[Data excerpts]

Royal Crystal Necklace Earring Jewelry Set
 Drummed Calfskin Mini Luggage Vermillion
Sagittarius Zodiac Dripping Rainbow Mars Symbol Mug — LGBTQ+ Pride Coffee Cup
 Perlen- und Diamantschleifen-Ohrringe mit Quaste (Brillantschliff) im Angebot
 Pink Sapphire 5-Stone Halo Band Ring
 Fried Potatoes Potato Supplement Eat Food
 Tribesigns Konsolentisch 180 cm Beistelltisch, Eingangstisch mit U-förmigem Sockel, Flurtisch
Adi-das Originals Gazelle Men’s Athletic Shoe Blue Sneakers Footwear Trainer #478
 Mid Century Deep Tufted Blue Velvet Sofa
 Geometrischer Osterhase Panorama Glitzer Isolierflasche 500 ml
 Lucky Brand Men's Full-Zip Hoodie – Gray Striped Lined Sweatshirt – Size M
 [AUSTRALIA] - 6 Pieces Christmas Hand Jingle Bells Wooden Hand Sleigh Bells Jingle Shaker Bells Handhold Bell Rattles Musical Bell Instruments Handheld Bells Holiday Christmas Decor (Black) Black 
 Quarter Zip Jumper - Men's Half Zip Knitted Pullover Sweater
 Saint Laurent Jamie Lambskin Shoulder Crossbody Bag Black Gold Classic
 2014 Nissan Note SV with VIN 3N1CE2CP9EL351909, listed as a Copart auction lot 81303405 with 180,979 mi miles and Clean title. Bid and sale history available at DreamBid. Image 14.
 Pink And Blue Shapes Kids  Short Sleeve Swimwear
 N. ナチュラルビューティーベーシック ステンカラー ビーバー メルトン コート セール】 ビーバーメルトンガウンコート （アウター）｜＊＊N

YOUR INSTRUCTIONS ::
Single out each line of the records above with the string "Black" in it, and copy it.

EXERCISE ANSWER ::
 [AUSTRALIA] - 6 Pieces Christmas Hand Jingle Bells Wooden Hand Sleigh Bells Jingle Shaker Bells Handhold Bell Rattles Musical Bell Instruments Handheld Bells Holiday Christmas Decor (Black) Black 
 Saint Laurent Jamie Lambskin Shoulder Crossbody Bag Black Gold Classic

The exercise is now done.